You will learn how to:

  1. Setup Habana Gaudi instance
  2. Load and process the dataset
  3. Create a GaudiTrainer and an run single HPU fine-tuning
  4. Run distributed data parallel training with GaudiTrainer
  5. Cost performance benefits of Habana Gaudi on AWS


Before we can start make sure you have met the following requirements

1. Setup Habana Gaudi instance

In this example are we going to use Habana Gaudi on AWS using the DL1 instance. We already have created a blog post in the past on how to Setup Deep Learning environment for Hugging Face Transformers with Habana Gaudi on AWS. If you haven't have read this blog post, please read it first and go through the steps on how to setup the environment. Or if you feel comfortable you can use the in the root of the repository to create your DL1 instance and the continue at step 4. Use Jupyter Notebook/Lab via ssh in the Setup blog post.

  1. run habana docker container an mount current directory
docker run -ti --runtime=habana -e HABANA_VISIBLE_DEVICES=all -e OMPI_MCA_btl_vader_single_copy_mechanism=none --cap-add=sys_nice --net=host --ipc=host -v $(pwd):/home/ubuntu/dev --workdir=/home/ubuntu/dev
  1. install juptyer
pip install jupyter
  1. clone repository
git clone
cd fine-tuning
  1. run jupyter notebook
jupyter notebook --allow-root
#         http://localhost:8888/?token=f8d00db29a6adc03023413b7f234d110fe0d24972d7ae65e
  1. continue here

NOTE: The following steps assume that the code/cells are running on a gaudi instance with access to HPUs

As first lets make sure we have access to the HPUs.

import habana_frameworks.torch.core as htcore
print(f"device available:{htcore.is_available()}")

next lets install our Hugging Face dependencies and git-lfs.
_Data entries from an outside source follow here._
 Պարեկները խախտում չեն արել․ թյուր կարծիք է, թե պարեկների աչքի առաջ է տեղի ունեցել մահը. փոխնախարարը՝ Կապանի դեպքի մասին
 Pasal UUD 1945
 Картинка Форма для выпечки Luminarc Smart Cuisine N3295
!pip install transformers datasets tensorboard matplotlib pandas sklearn
!pip install git+ # workaround until release of optimum-habana
# we will use git-lfs to upload models and artifacts to the hub.
#! sudo apt-get install git-lfs
!apt-get install git-lfs

to finish our setup lets log into the Hugging Face Hub to push our model artifacts, logs and metrics during training and afterwards to the hub.
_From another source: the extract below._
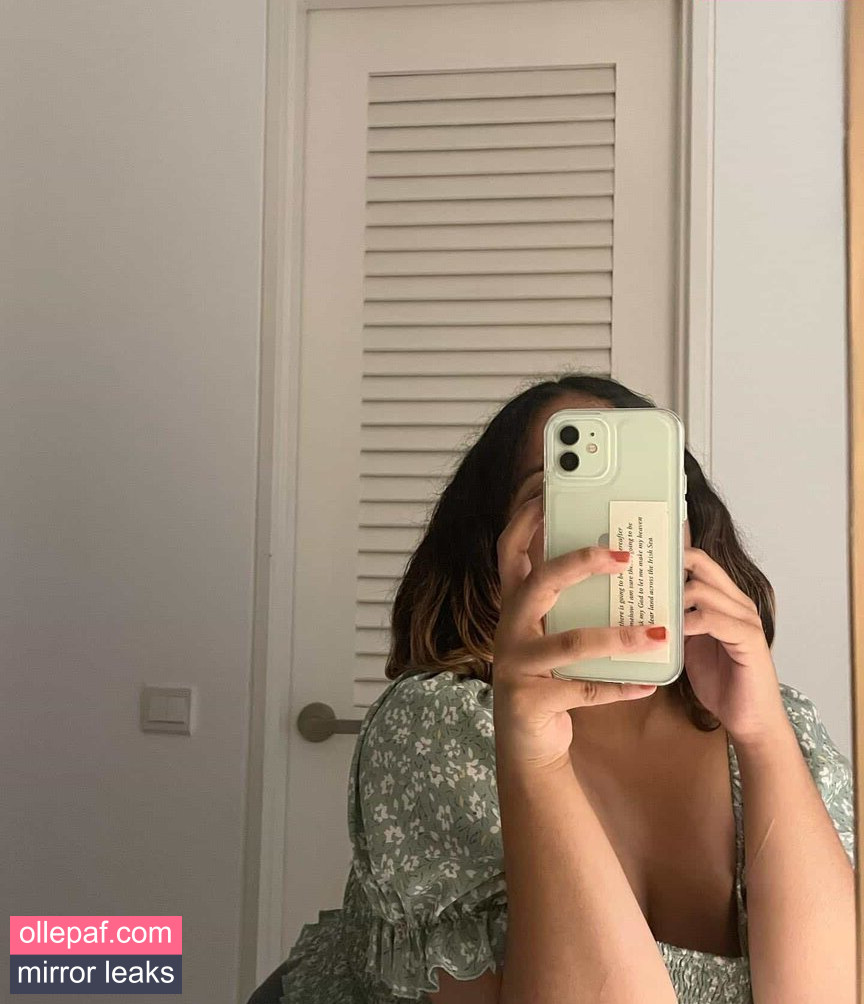 Latest Leaks itsmezaraxx Nude #156 - Fapello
To be able to push our model to the Hub, you need to register on the Hugging Face.

We will use the notebook_login util from the huggingface_hub package to log into our account. You can get your token in the settings at Access Tokens

from huggingface_hub import notebook_login

2. Load and process the dataset

As Dataset we will use the AmazonScience/massive a multilingual intent(text)-classification dataset. The dataset contains over 1M utterances across 51 languages with annotations for the Natural Language Understanding tasks of intent prediction and slot annotation.

We are going to use the:

  • English - United States (en-US)
  • German - Germany (de-DE)
  • French - France (fr-FR)
  • Italian - Italy (it-IT)
  • Portuguese - Portugal (pt-PT)
  • Spanish - Spain (es-ES)
  • Dutch - Netherlands (nl-NL)

splits. The dataset will have ~80 000 datapoints for training and ~14 000 for evaluation equally split across the different languages.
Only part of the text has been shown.